For nearly a century, the Newark Museum has been a pioneer among U.S. museums in the collecting and display of African art. Today, the Museum’s nationally known collection includes nearly 5,000 works representing artistic creativity, past and present, from throughout the continent.
Expanding Africa at the Newark Museum: New Visions, New Galleries features exceptional works of art from the Museum’s extensive and ever-growing collection. Bringing together contemporary and historic works in a range of different media, the exhibition seeks to broaden conventional ideas about African art while encouraging dialogue about its constantly evolving definition. The exhibition also introduces the Newark Museum’s initiative to expand its galleries for the exhibit and teaching of African art, which we aim to complete for the centennial of this important collection in 2015.
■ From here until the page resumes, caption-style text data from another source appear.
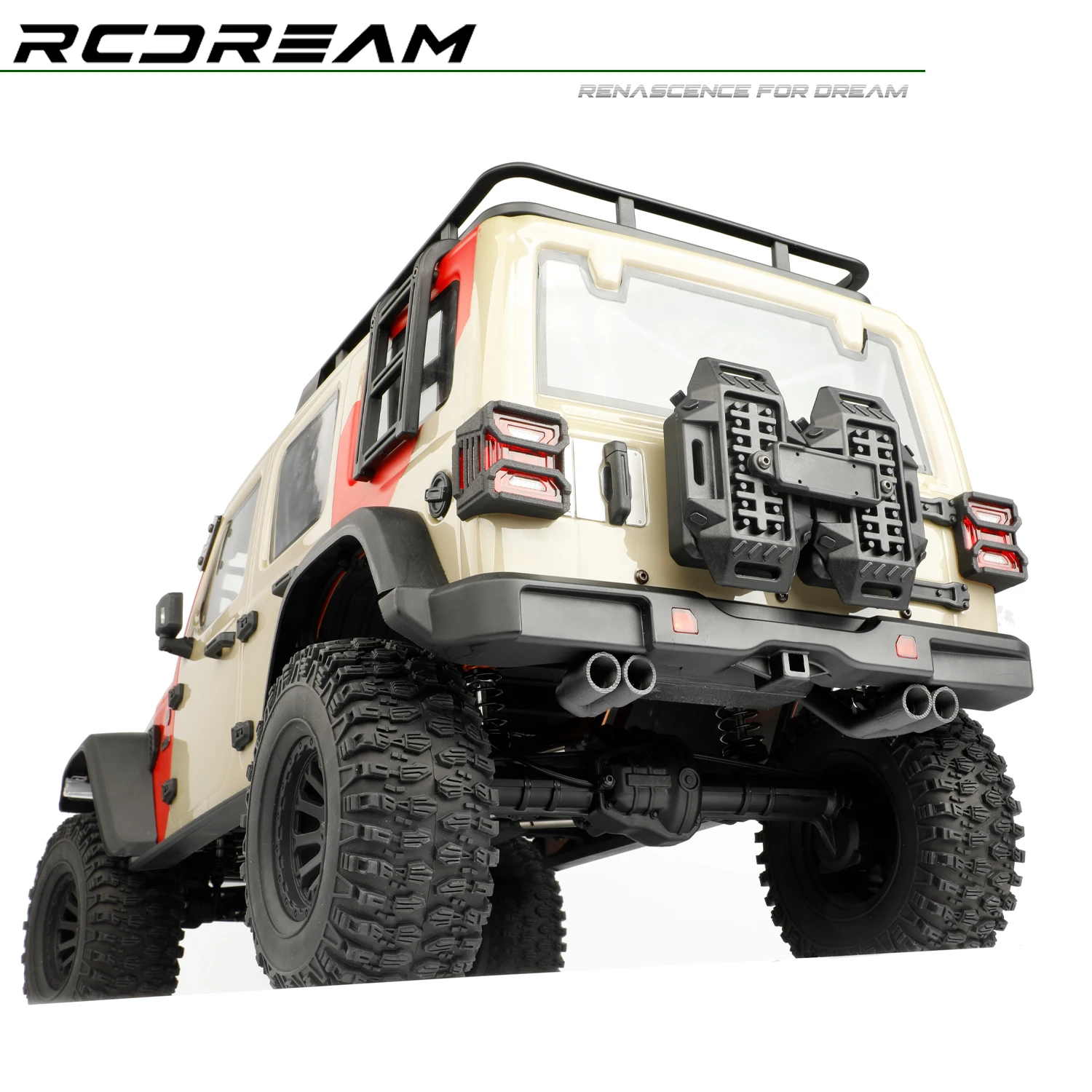 RCDream 1/7 MK07 JK07 Tail Light Cover Protective Net Over / Exhaust Pipe with Spring Auto-rebound Upgrade Parts #R181E R181G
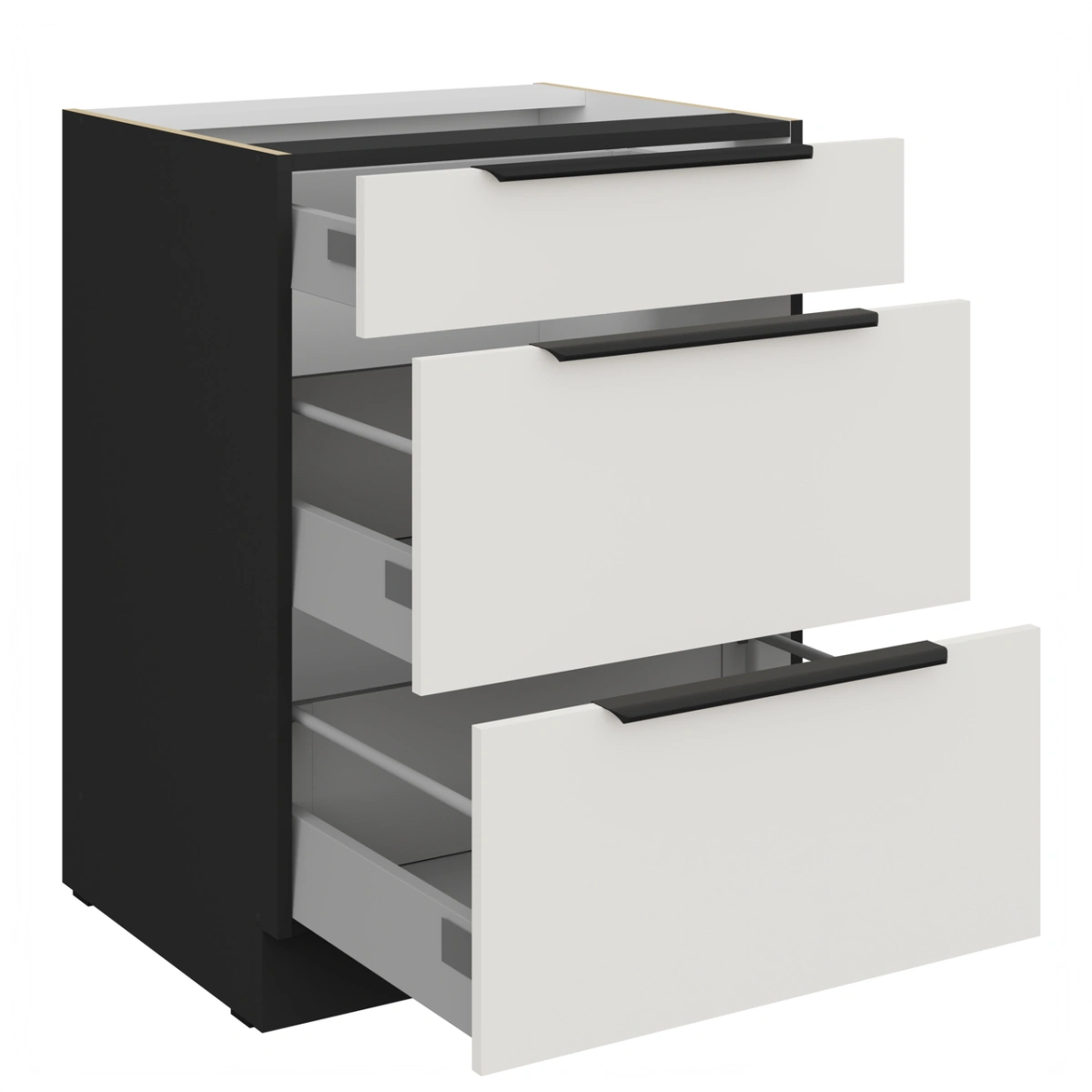 Base cabinet 60 cm with drawers Aria 60D 3S BB plinth - Image 2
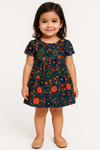 Girls Navy Blue Frock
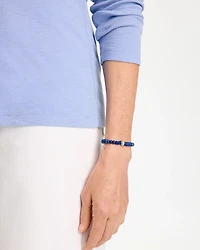 Blue Jade Stone Pave Stretch Bracelet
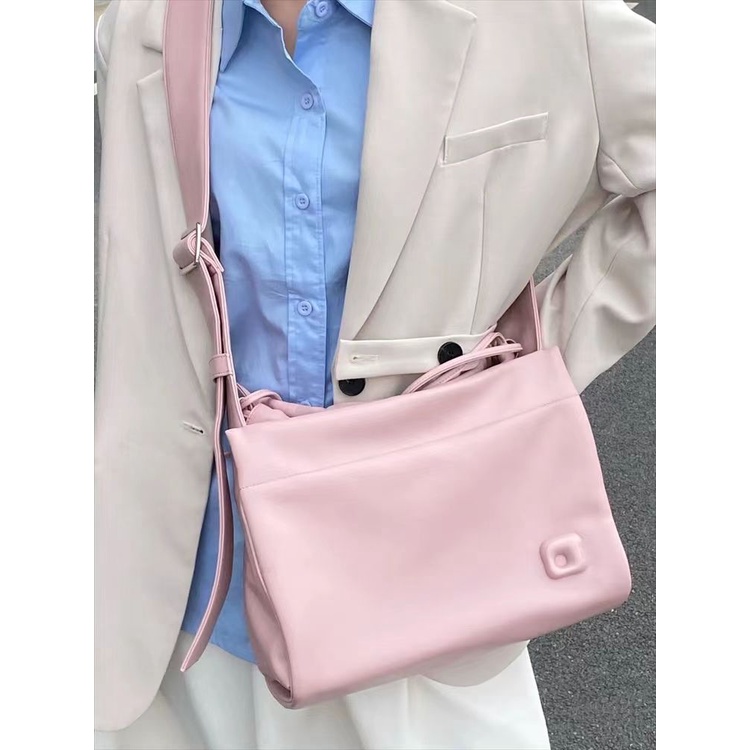 Túi Tote Da Pu Mềm Hình Vuông Màu Trơn Kích Thước Lớn 31X22X12 Cho Nữ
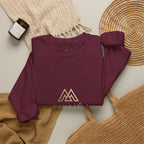 AURVÉA Logo Crewneck Sweatshirt — Minimal Luxury Brand Pullover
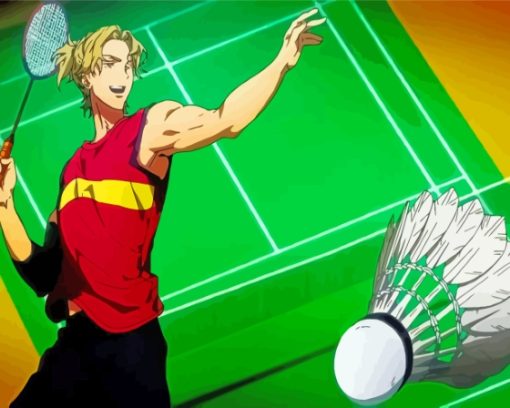 Anime Badminton Player Paint By Numbers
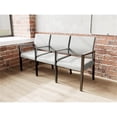 thumbnail image 4 of Pemberly Row Waiting Reception 3 Seat Tandem Seating Wood Frame in Gray, 4 of 5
The Newark Museum’s unique collecting history and expansive vision for representing Africa’s rich artistic diversity is reflected in the selection of works on view. They include an exquisite 19th-century sculpture made for a Chokwe leader, mid-20th-century portraiture by Malian photographer Seydou Keita, a “fantasy coffin” from Ghana in the shape of a cell phone, and a dramatic wall hanging made of discarded metal bottle caps by internationally acclaimed artist El Anatsui. Presented variously as global, modern, fashionable, innovative, contemporary, historical and useful, together the works suggest the multiple ways we can understand Africa’s arts. Visitors to the exhibition are invited to share their own perspectives on Africa and its arts in responses that will be periodically posted on the museum walls.